Norwegian university leaders have since been advocating a “new deal” on internationalization to rebuild the country’s global competitiveness. Norway’s experience “demonstrates how language requirements and other things like fees can become powerful instruments in broader debates about national identity and international engagement in higher education”, Papatsiba says.
External pressures breed resistance
Estonia offers a contrasting example of how European universities can navigate internationalization pressures without major political controversy.
The Baltic state’s push for higher-education internationalization took root under a liberal government in the early 2010s, spurred by reforms around 2013 that introduced free Estonian-language tuition but encouraged expansion of English-taught programmes to diversify funding. This led to a nearly fivefold increase in international enrolment, from 2.3% in 2011 to approximately 12.2% in 2019.
The COVID-19 pandemic has depressed those numbers slightly, as has the war in Ukraine: since the start of the hostilities, Russian students have no longer been accepted for bachelor’s and master’s degrees at Estonian universities, contributing to a 17% drop in foreign students from 2022 to 2024. Nevertheless, English-language teaching remains popular.

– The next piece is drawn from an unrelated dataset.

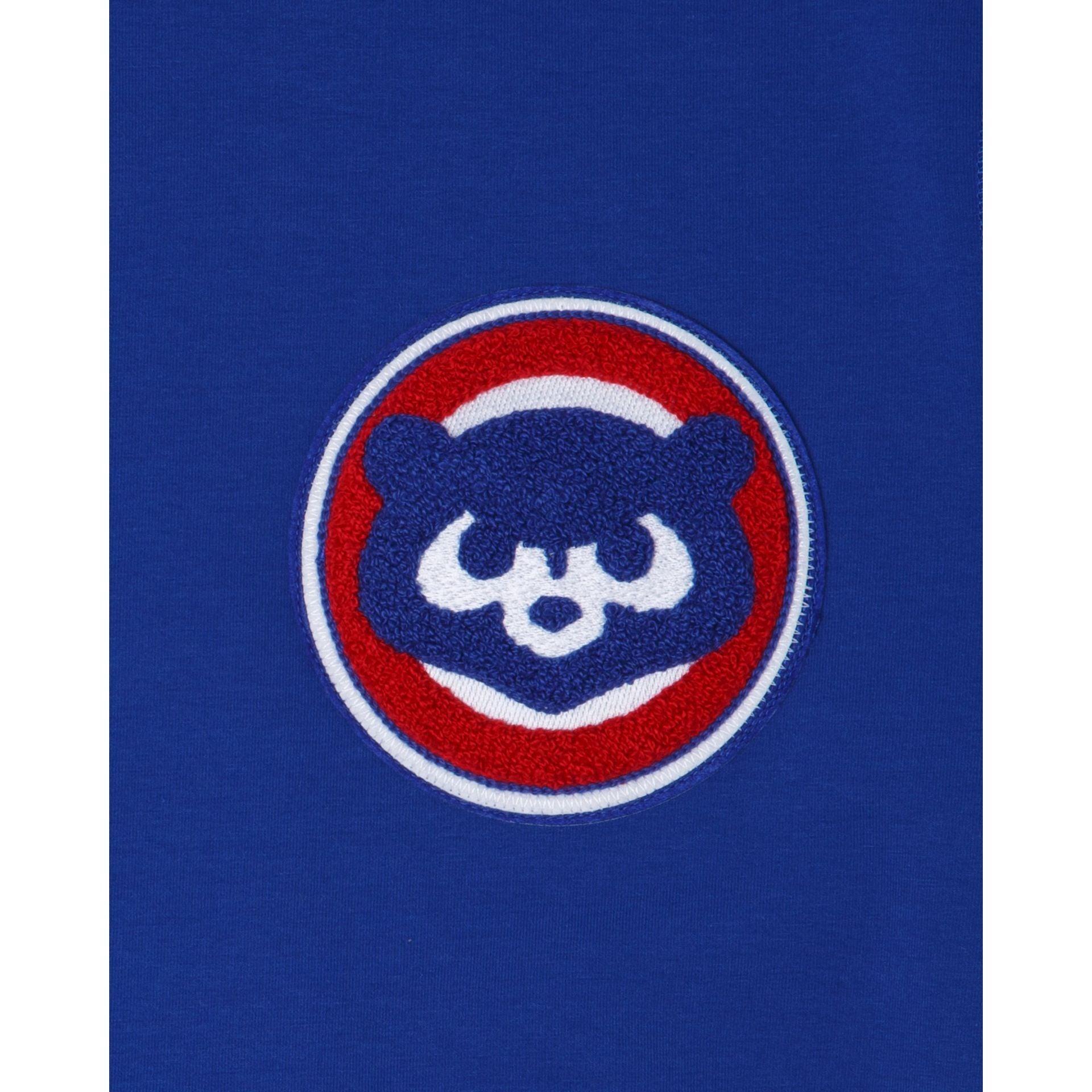 Houston Astros Logo Select Hoodie Male Product Image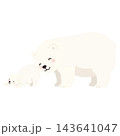 Cute Mother and Baby Polar Bear Characters 143641047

In a few departments at the University of Tartu, the country’s oldest and largest, almost half the staff members are English-speaking.
Estonia’s internationalization journey could have created conflicts similar to those in the Netherlands and Norway, says Aune Valk, vice-rector of the University of Tartu. Before COVID-19, she says, two-thirds of students did not pay tuition fees, and politicians questioned whether the money spent on subsidizing international students should be redirected to other things, especially given that universities were asking for more money .
The large numbers of international academic staff have also caused some internal debate in Estonian universities, Valk says. Having lots of foreign staff increases the teaching burden on Estonian-speakers, because any course offered in English must also be offered in Estonian. Although this means that English speakers might have more time for research, Valk says that “quite a big part of your staff is not heard”, because administration and outreach happen mostly in Estonian.